第1日目に引き続き、主催の七誌さん、スタッフの皆さん、どうもありがとうございました!

やったこと

学んだことをメモします。

  1. 2つのJavaファイルFoo.javaとBar.javaを作る
    • FooはBarに依存するように作る
  2. Foo.javaとBar.javaを1つのjarにする
  3. バイナリエディタで見る
    • アスキーダンプを眺めても、圧縮されているせいで、何が何やらほとんど分からない
  4. Foo.javaとBar.java無圧縮でjarにする
    • jarコマンドを実行する時、オプションに0(ゼロ)をつけると、無圧縮にできる
  5. バイナリエディタで見る
    • 読める、読めるぞ!

というわけで、圧縮版と無圧縮版のjarのバイナリを読みました(両者を比較するところまでは、自分は時間切れでできませんでした)。

その後、ハフマン符号化について七誌さんの発表を聴き、LZ77、LZSS、固定ハフマン符号について学びました。また、用意していただいた問題を解きました。

以下では、jar(zip)ファイルの読み方についてまとめます。なお、本文で引用した構造体は、七誌さんが作成された資料からの引用です。

jarファイルの読み方

jarを読むには、zipの仕様を使います。

# 今回は、主催の七誌さんが事前にZIPの仕様を読み解いて、Cの構造体風に整理してくださっていました。その神プリントを参照しながら、参加者はバイナリを読みました。

zipコンテナの中身は、大きく3つに分かれています。

  • ZIP_HEADER
  • ZIP_CENTRAL_HEADER
  • ZIP_END_HEADER

まず、一番下のZIP_END_HEADERから読み始めます。なぜなら、それよりも上の構造の開始位置やサイズが、ZIP_END_HEADERの中に書いてあるからです。

ZIP_END_HEADERの開始位置を特定するには、ZIP_END_HEADERのシグネチャを探します。それは、PK56、つまり、「50 4B 05 06」というバイト列です。

次に、ZIP_END_HEADERの開始位置を見つけたら、その仕様にしたがって、バイナリを読んでいきます。

typedef struct {
	uint8_t	signature[4];
	uint16_t	number_of_disks;
	uint16_t	disk_numer_start;
	uint16_t	number_of_disk_entries;
	uint16_t	number_of_entries;
	uint32_t	central_dir_size;
	uint32_t	central_dir_offset;
	uint16_t	file_comment_length;
} ZIP_END_HEADER:

特に大事な要素は、次の3つです。

  • number_of_entries
    • そのzipに入っているファイルの個数
  • central_dir_size
    • ZIP_CENTRAL_HEADERのサイズ
  • central_dir_offset
    • ZIP_CENTRAL_HEADERの開始アドレス

PK34、PK12、PK56というのは、それぞれ、ZIP_HEADER、ZIP_CENTRAL_HEADER、ZIP_END_HEADERの先頭にあるシグネチャです。なお、PK34とPK12で始まるブロックは、zipに入っているファイル(とディレクトリ)の個数分だけ、それぞれのHEADERの中に存在します。PK56で始まるブロックは、1つだけです。
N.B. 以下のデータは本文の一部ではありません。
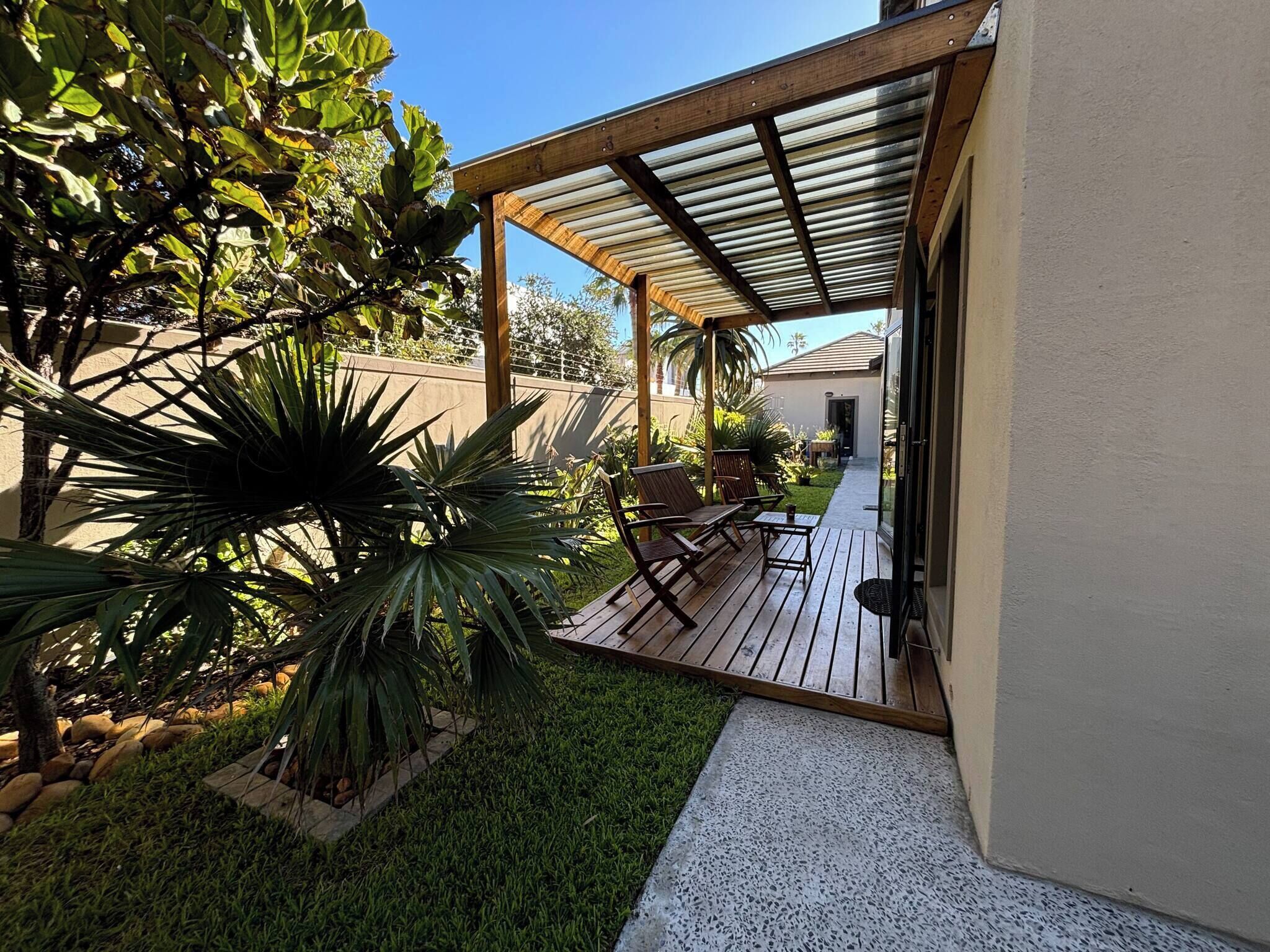 Un área de patio techada con cubierta de madera, mobiliario exterior y abundante vegetación.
ZIP_END_HEADER、つまり、PK56で始まるブロックのcentral_dir_offsetに、「9B 03 00 00」という値が入っている場合、見るべきZIP_CENTRAL_HEADERは「00 00 03 9B」から始まっていることになります。ここでは、リトルエンディアンなので、値をバイト単位で逆から読みます。

central_dir_offsetの値でZIP_CENTRAL_HEADERの開始位置を特定したら、今度はその仕様にしたがって、バイナリを読んでいきます。

typedef struct {
	uint8_t	signature[4];
	uint16_t	version_made;
	uint16_t	version;
	uint16_t	flags;
	uint16_t	compression;
	uint16_t	dos_time;
	uint16_t	dos_date;
	uint32_t	crc32;
	uint32_t	compressed_size;
	uint32_t	uncompressed_size;
	uint16_t	file_name_length;
	uint16_t	extra_field_length;
	uint16_t	file_comment_length;
	uint16_t	disk_number_start;
	uint16_t	internal_file_attributes;
	uint32_t	external_file_attributes;
	uint32_t	position;
} ZIP_CENTRAL_HEADER:

ここでも、大事な要素は3つです。

  • compressed_size
    • 圧縮したサイズ
  • uncompressed_size
    • 圧縮していないサイズ
  • position
    • ZIP_HEADERでの(そのファイルに関するブロックの)開始アドレス

PK12で始まるブロックのpositionに、「2B 00 00 00」という値が入っている場合、対応するZIP_HEADERは「00 00 2B」から始まっていることになります。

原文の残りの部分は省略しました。